→ **DATASET CONTENT**
++++++++

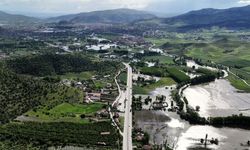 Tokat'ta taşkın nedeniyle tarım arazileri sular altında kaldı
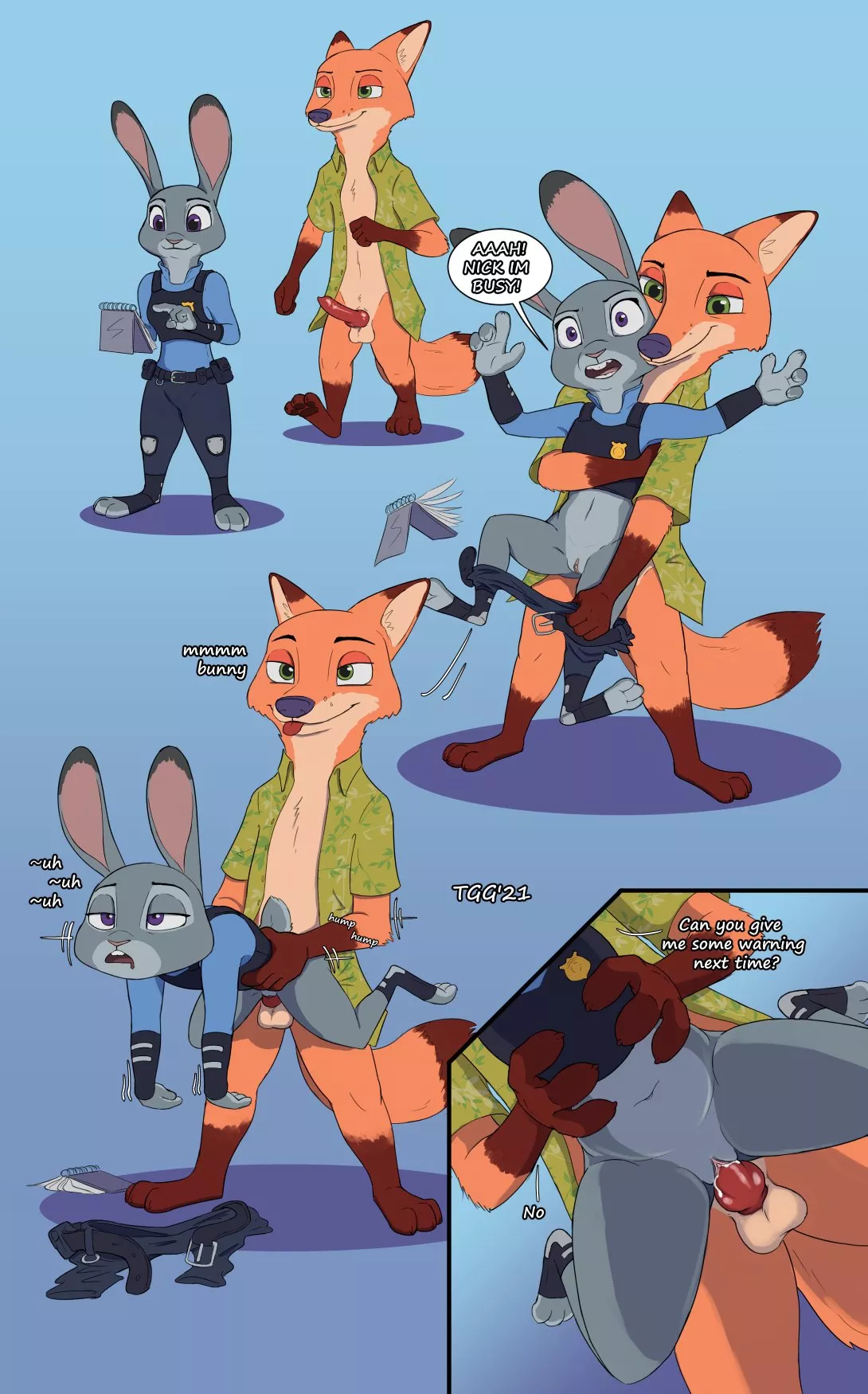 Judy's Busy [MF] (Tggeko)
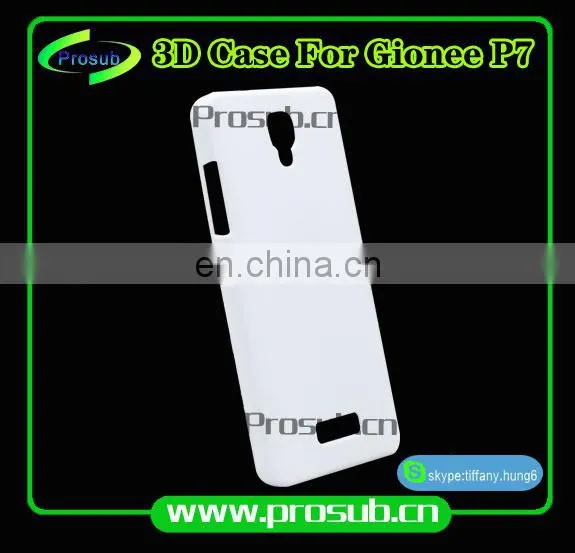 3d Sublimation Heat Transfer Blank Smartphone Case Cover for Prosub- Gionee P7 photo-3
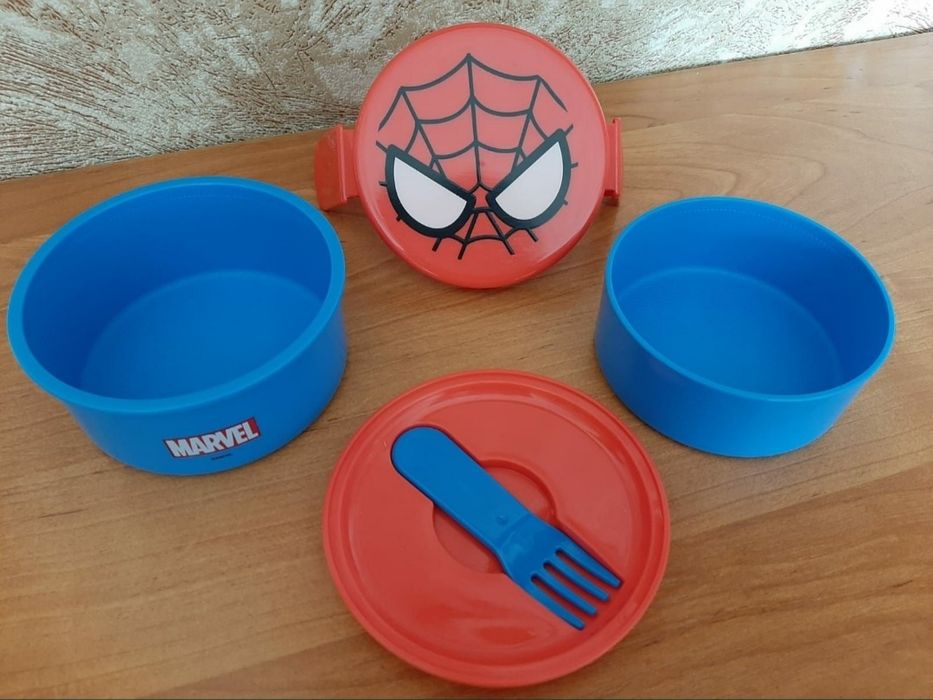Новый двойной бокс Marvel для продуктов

++++++++

Each line from the line containing "Judy's Busy [MF] (Tggeko)" through the last line above must be written out exactly, and every picture must be omitted.

 Judy's Busy [MF] (Tggeko)
 3d Sublimation Heat Transfer Blank Smartphone Case Cover for Prosub- Gionee P7 photo-3
Новый двойной бокс Marvel для продуктов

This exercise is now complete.